● **WORK ORDER**: Once the line with "Audi Q2 view 18" is found in the entries below, print it and each following line exactly, stopping after the line with "Ford Mondeo Mk4"; print nothing else.

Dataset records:

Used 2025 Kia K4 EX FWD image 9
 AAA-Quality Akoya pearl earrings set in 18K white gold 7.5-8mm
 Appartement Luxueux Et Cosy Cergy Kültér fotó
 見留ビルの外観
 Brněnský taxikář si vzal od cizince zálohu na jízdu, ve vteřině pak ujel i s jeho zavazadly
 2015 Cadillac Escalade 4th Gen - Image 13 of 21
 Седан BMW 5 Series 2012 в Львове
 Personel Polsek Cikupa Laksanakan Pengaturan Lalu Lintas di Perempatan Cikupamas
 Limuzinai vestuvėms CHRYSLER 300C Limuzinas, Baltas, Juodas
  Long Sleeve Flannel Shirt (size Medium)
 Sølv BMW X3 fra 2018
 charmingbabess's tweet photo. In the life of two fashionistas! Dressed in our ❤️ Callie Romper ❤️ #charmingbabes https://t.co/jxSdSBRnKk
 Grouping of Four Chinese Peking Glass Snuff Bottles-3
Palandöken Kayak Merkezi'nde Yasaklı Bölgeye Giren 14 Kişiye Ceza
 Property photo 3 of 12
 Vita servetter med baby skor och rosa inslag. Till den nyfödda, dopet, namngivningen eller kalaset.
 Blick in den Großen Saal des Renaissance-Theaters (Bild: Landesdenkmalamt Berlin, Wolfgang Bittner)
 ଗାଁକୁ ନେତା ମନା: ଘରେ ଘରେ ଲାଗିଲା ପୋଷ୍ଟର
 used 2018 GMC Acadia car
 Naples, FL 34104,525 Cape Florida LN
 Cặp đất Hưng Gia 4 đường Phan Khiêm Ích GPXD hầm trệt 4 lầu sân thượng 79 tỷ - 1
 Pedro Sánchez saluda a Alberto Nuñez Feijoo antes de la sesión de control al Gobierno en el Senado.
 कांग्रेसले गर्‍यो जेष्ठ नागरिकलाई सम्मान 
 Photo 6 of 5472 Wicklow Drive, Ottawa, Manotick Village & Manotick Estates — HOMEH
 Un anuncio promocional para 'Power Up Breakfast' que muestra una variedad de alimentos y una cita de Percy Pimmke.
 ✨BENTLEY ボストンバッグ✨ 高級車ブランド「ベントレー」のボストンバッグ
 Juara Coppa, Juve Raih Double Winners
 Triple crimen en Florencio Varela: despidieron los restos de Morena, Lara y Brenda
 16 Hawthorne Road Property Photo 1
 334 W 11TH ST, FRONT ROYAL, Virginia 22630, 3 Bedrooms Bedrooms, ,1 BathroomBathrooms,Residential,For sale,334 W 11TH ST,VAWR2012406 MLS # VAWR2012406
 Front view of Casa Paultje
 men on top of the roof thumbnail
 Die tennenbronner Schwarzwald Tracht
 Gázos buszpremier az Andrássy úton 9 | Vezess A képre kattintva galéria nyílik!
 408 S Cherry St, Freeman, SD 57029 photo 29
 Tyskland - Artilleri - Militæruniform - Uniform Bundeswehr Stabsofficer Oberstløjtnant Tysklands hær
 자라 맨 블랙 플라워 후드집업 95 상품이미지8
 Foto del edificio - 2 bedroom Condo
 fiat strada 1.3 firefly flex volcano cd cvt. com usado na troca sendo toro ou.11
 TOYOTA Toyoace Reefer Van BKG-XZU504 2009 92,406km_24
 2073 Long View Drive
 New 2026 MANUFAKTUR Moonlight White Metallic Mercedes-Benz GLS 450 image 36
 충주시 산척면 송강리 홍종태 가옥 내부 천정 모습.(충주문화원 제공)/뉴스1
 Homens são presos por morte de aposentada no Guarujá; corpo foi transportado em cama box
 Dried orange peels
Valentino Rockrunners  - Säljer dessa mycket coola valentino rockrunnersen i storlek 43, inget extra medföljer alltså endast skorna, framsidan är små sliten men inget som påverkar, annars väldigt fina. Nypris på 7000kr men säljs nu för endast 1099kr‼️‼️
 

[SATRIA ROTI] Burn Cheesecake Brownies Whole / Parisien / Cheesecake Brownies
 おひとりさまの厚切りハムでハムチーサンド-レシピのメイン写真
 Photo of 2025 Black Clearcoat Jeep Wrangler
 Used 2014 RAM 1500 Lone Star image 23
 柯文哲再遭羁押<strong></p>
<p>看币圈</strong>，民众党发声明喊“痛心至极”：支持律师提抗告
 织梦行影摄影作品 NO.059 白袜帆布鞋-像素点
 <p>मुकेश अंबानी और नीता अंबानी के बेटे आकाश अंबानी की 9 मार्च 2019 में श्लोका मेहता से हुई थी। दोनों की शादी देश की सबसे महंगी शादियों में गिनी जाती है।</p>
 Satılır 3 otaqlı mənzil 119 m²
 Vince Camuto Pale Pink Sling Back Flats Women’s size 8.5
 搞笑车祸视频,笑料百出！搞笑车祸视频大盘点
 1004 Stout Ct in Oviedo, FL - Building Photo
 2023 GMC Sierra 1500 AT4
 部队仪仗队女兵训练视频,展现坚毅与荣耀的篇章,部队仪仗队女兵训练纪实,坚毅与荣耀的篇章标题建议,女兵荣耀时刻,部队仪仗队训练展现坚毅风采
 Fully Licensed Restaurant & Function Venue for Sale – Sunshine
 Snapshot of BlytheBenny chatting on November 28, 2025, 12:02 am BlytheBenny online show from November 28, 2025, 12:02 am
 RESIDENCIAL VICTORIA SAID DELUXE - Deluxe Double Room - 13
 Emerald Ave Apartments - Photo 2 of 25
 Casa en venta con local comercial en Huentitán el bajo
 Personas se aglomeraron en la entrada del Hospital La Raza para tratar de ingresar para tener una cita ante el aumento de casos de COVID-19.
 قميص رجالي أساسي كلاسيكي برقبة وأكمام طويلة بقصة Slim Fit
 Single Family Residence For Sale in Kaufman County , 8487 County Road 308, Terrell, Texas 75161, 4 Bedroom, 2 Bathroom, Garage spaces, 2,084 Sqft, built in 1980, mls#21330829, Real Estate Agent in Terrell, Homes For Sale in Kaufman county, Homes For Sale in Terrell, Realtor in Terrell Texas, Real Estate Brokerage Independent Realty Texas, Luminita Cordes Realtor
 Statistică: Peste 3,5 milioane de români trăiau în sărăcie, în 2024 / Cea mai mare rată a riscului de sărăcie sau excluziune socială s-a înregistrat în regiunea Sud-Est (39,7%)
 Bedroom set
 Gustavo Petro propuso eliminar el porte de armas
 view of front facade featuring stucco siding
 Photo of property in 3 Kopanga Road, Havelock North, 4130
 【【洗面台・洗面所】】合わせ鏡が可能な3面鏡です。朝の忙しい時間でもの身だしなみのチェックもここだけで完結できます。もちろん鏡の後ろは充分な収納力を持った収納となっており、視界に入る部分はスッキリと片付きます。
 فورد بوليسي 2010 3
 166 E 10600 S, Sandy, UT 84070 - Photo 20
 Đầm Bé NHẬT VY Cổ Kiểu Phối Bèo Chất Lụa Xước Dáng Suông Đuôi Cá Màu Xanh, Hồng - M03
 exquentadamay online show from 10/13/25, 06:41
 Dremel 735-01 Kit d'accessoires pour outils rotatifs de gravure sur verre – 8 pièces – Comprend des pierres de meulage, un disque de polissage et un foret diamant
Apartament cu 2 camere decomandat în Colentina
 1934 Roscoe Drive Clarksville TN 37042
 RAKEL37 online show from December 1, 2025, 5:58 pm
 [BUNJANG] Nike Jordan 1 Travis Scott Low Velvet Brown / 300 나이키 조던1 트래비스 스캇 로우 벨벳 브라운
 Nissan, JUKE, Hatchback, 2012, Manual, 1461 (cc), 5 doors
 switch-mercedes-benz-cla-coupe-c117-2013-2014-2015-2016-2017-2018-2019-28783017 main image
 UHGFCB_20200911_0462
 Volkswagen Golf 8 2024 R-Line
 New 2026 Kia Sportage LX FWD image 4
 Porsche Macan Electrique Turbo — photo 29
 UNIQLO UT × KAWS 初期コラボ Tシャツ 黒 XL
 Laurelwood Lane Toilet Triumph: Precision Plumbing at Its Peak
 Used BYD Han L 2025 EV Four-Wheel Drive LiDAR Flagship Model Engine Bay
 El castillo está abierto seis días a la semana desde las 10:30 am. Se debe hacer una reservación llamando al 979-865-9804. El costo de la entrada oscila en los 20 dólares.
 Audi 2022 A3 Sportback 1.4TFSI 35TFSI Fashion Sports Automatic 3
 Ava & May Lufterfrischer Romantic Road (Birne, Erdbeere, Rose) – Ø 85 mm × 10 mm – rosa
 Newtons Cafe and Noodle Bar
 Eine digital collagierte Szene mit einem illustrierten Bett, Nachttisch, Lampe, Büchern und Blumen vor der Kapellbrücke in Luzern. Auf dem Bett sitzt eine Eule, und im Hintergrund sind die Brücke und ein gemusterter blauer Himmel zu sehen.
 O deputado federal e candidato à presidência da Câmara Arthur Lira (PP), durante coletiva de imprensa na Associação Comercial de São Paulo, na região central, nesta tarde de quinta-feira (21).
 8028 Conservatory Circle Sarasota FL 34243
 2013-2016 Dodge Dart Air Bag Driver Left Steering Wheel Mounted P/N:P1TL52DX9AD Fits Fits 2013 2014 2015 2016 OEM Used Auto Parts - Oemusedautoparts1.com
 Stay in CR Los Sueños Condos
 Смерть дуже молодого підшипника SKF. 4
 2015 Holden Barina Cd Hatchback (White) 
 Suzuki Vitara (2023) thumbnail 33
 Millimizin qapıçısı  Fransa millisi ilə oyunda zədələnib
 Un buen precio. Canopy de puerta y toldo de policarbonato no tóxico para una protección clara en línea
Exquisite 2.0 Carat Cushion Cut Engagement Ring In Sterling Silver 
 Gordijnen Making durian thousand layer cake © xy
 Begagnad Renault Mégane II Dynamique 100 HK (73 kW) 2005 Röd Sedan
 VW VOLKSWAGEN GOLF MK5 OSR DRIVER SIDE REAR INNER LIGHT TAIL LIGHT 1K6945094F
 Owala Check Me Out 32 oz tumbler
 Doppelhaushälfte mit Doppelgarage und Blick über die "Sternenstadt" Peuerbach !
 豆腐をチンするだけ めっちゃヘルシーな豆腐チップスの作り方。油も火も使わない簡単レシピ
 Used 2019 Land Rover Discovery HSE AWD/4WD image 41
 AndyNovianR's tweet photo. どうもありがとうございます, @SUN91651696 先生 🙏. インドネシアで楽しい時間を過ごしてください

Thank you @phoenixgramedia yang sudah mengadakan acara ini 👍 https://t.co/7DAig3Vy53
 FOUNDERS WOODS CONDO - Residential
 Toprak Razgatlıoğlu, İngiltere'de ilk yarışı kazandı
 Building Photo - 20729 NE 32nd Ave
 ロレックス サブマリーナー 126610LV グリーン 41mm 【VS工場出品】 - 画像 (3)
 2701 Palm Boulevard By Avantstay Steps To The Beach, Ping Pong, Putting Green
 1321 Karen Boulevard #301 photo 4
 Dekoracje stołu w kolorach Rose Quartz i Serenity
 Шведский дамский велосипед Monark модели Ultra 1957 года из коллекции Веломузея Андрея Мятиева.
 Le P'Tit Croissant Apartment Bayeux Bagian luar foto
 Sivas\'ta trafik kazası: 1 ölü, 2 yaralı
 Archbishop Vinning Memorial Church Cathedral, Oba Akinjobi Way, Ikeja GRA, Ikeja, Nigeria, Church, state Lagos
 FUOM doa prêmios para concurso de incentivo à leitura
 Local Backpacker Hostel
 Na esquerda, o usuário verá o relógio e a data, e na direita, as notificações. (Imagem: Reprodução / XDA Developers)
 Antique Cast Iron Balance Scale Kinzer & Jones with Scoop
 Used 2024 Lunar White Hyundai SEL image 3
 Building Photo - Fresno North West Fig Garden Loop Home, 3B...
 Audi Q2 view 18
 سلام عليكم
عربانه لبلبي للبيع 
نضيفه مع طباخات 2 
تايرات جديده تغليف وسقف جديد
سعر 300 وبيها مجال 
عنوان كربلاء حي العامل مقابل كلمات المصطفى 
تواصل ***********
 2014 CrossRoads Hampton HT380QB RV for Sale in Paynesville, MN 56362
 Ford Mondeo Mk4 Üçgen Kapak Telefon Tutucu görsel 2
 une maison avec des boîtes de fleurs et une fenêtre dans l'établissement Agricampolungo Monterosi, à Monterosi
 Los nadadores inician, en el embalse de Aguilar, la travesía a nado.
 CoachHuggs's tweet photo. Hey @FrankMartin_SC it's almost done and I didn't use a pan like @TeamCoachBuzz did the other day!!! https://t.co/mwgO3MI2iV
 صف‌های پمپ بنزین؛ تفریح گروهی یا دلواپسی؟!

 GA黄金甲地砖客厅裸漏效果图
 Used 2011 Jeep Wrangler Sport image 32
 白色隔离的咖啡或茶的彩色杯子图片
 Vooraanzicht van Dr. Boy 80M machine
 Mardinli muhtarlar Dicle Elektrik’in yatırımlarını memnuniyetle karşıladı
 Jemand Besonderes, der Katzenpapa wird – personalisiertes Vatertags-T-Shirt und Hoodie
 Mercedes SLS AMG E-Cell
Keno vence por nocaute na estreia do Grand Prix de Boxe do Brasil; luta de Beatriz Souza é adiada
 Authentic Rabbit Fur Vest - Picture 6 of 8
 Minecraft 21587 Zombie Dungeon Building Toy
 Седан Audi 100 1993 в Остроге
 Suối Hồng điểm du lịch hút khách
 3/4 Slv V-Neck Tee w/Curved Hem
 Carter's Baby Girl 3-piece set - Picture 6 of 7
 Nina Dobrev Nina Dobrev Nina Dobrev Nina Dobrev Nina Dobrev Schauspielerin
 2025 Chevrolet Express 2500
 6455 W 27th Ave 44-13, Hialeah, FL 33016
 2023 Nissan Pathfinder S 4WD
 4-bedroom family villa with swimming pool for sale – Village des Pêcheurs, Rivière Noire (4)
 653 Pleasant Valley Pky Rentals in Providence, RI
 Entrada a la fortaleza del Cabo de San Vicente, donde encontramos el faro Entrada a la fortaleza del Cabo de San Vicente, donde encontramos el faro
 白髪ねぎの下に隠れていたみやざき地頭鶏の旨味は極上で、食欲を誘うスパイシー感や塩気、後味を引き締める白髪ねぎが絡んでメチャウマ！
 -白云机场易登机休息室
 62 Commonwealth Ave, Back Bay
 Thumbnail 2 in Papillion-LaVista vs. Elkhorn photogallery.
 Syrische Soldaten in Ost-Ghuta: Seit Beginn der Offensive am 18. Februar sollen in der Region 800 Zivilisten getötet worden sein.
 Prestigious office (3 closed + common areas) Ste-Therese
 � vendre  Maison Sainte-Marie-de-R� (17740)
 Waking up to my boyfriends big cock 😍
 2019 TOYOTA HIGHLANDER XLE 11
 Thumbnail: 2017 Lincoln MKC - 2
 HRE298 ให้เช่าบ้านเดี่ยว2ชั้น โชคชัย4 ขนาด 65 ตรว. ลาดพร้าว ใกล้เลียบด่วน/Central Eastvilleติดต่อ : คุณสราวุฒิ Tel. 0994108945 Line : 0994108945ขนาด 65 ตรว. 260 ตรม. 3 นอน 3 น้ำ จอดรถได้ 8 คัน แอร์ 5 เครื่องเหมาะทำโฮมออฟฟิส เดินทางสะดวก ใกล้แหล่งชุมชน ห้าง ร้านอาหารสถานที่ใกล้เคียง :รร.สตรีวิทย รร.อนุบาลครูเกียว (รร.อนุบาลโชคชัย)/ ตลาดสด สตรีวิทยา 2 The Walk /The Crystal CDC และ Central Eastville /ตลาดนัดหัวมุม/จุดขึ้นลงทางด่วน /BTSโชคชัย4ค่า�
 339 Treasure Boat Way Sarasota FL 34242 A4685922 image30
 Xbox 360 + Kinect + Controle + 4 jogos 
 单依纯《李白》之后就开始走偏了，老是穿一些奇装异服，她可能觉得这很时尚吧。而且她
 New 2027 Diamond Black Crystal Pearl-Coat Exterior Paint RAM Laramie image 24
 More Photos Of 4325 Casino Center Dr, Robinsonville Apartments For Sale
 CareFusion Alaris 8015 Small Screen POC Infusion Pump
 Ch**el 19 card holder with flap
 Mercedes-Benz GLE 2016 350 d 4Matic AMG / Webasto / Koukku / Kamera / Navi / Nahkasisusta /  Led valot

● **SOLVED EXERCISE**:
 Audi Q2 view 18
 سلام عليكم
عربانه لبلبي للبيع 
نضيفه مع طباخات 2 
تايرات جديده تغليف وسقف جديد
سعر 300 وبيها مجال 
عنوان كربلاء حي العامل مقابل كلمات المصطفى 
تواصل ***********
 2014 CrossRoads Hampton HT380QB RV for Sale in Paynesville, MN 56362
 Ford Mondeo Mk4 Üçgen Kapak Telefon Tutucu görsel 2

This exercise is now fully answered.